I was riding to work one day on an empty six lane boulevard, feeling happy enough, when a car pulls onto the road behind me and starts honking. At first I thought he was trying to turn in the right lane, so I moved over to one of the two empty lanes next to me and thought that would be the end of it. To my surprise (and terror), the guy pulls over behind me and continues to honk. I move over again, and now he's not only leaning on his horn, but screaming "Get out of the road! You don't belong here on a bike! Get out of the road!" He would not stop until I pulled over onto the sidewalk. He stopped his car and yelled a few more niceties at me before speeding off,in an empty, now blissfully bike free lane.
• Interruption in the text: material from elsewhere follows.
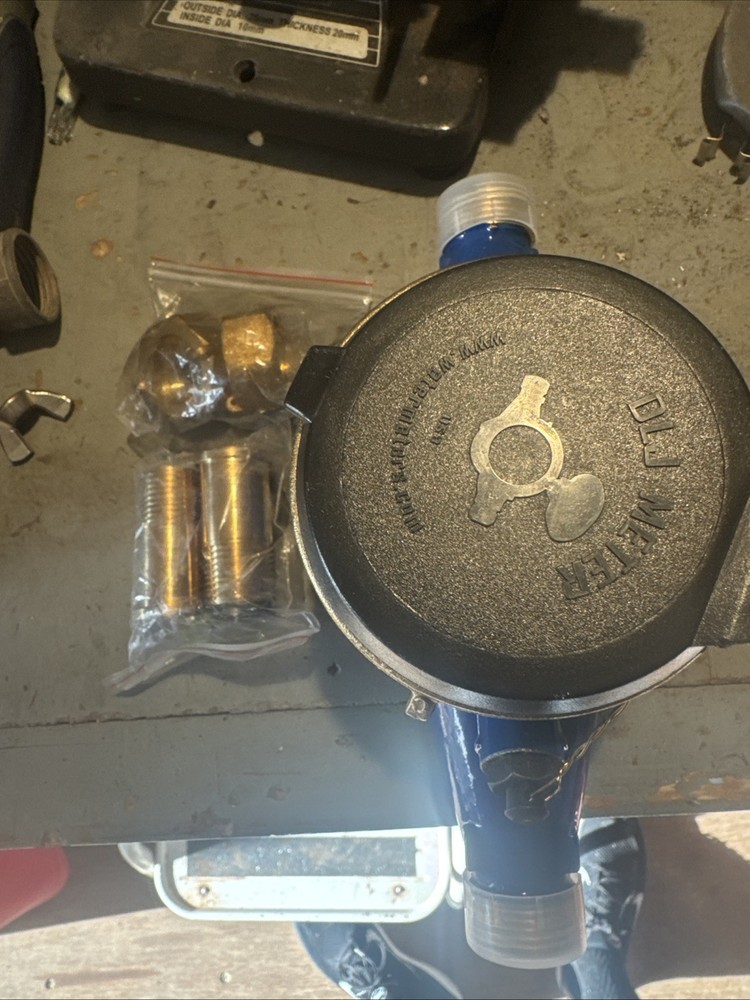 DJI Water Meter Durable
Scary and troubling experience--not unique to many of my biking pals in the D. I stopped riding soon after that for reasons other than just this experience, but safety was definitely at the top of my list.

Texan By Chance said...

It's amazing to me how offended drivers can be by the presence of bikes in their space. I am inclined to see it as being another case of guilty conscience: the bike rider confronts them with their own lazy, destructive behavior, so they blame him for it.
But their militancy is amazing. It's bad enough here in Austin. In Detroit, where the bike rider is also confronting the basis of the driver/auto worker's economic survival, I can imagine it's scary.

A co-worker mentioned to me several times that she had seen me riding my bike during her commute in a SUV. But she didn't say she had seen me; she always said something like, "I could have run you over!" I finally asked her, "Every time you step on your brakes to avoid hitting a car, do you think 'I could have run into that car!'? She laughed.